You are viewing a plain text version of this content. The canonical link for it is here.

Posted to user@giraph.apache.org by Vitaly Tsvetkoff <vi...@gmail.com> on 2015/07/20 15:01:13 UTC

Problem with big datasets on cloudera yarn cluster

Hello everyone 1more time!
I am a newbie in hadoop and giraph and I wrote my custom giraph algorithm
CustomWeighredPageRank, one of the PageRank modifications and
CustomInputFormat for it (i put it in giraph-examples jar).

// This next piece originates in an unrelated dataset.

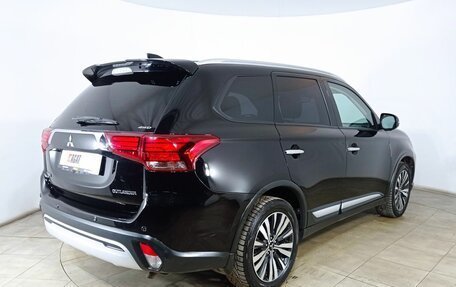 Mitsubishi Outlander III рестайлинг 3, 2019 год, 2 690 000 рублей, 5 фотография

I successfully
run it on cloudera yarn cluster (4 machine, each one has 6 cores and 12
threads) with small datasets (examples, and ~8 millions of vertices), but
all the time  problem with big datasets (~=10 millions of vertices) occurs.

The console runner is
hadoop jar
giraph-examples-1.2.0-SNAPSHOT-for-hadoop-2.6.0-cdh5.4.4-jar-with-dependencies.jar
\
 org.apache.giraph.GiraphRunner \
 -Dgiraph.yarn.task.heap.mb=4096 \
 -Dgiraph.isStaticGraph=true \
 -Dgiraph.useOutOfCoreGraph=true \
 -Dgiraph.useOutOfCoreMessages=true \
 -Dgiraph.numInputThreads=12 \
 -Dgiraph.numComputeThreads=12 \
 -Dgiraph.weightedPageRank.superstepCount=30 \
 ru.custom.CustomWeightedPageRankComputation \
 -vif ru.custom.CustomInputFormat \
 -vip /tmp/giraph_input \
 -vof org.apache.giraph.io.formats.IdWithValueTextOutputFormat \
 -op /tmp/giraph \
 -w 12 \
 -yj
giraph-examples-1.2.0-SNAPSHOT-for-hadoop-2.6.0-cdh5.4.4-jar-with-dependencies.jar

Please see the container logs here http://pastebin.com/3pTiYbZR and main
log http://pastebin.com/YZQfz4uq .
It seems calculations start ok but during one of supersteps it crashes.
Maybe I use "bad" properties? Should -w property be equals to machine or
thread counts?

I hope anybody here could help me to solve this problem!